Two cans of Fisher's Choice bait with fishing lewer

Fisher’s Choice is just one of many options to catch bream.

Reservoir water temperatures are climbing deep into the 70s, largemouth bass have generally departed the shallows with the bedding processes over, crappie have taken residence under the brush filled deep water docks, around the bridge pilings, and what’s left of the standing trees out in the lakes and need to be caught at night under lights. Stripers are meandering the river channels and even if located, the bite only lasts a few minutes. The only area with any dependability for stripers exists upriver against the dam of the next upstream lake. It’s a trip for experienced fishermen only. What to do?

Take a break from the major reservoirs and locate a few small ponds and take some children fishing for bream.

When the water hits 75-plus, the bream fan out in the shallows, make disk shaped beds and are hungry and there for the taking.  Unlike largemouth bass, bream will continue to feed even when bedding. You can keep a few for a tasty meal or two but generally, in my view this fishing is for the children. The bream are easily available for kids to catch over and over.

A few recommendations in no particular order of importance!  Light tackle, fully operational (children do not do well with tackle and equipment that does not work), hook barbs flattened so if fingers, scalps, ears and fingers get hooked, they can be easily removed. And when you return the bream to the lake the hooks are removed more easily without damaging the fish. Take plenty of different baits; red wigglers, crickets, Fisher’s Choice canned baits (crickets, grasshoppers, shrimp and grubs that will last until the next trip). Why so many? When you return a mama bream to the bed and she gets a little rest, putting a different bait in the bed will get her to bite again. The children will get to catch them once, twice, sometimes three times.
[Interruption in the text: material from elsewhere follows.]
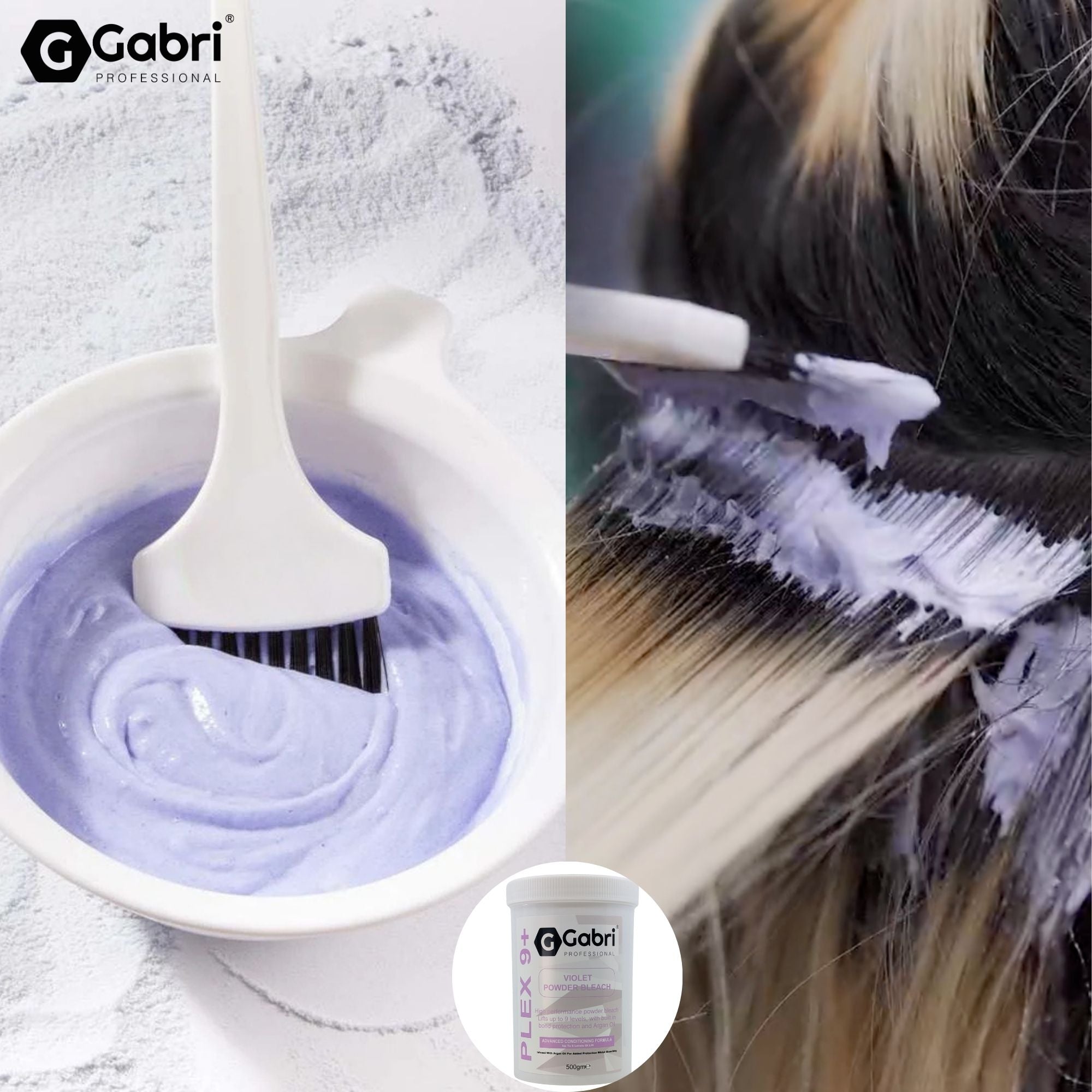 Gabri Professional - Plex 9+ Violet Powder Bleach 500g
How to locate the ponds that’ll be productive? Visit the Georgia Department of Natural Resources website and their list of state parks with ponds. Each is kept loaded with bream and other critters. They are safe, practically free and have plenty of parking and other accommodations available for your convenience. All you must do is provide a bit of tackle and locate a child relative, son, grandson, daughter or granddaughter and a few his or her friends to come along.

A couple of more things: No cell phones for them to use, only one for you to take photos.

Good luck. You all will remember it forever.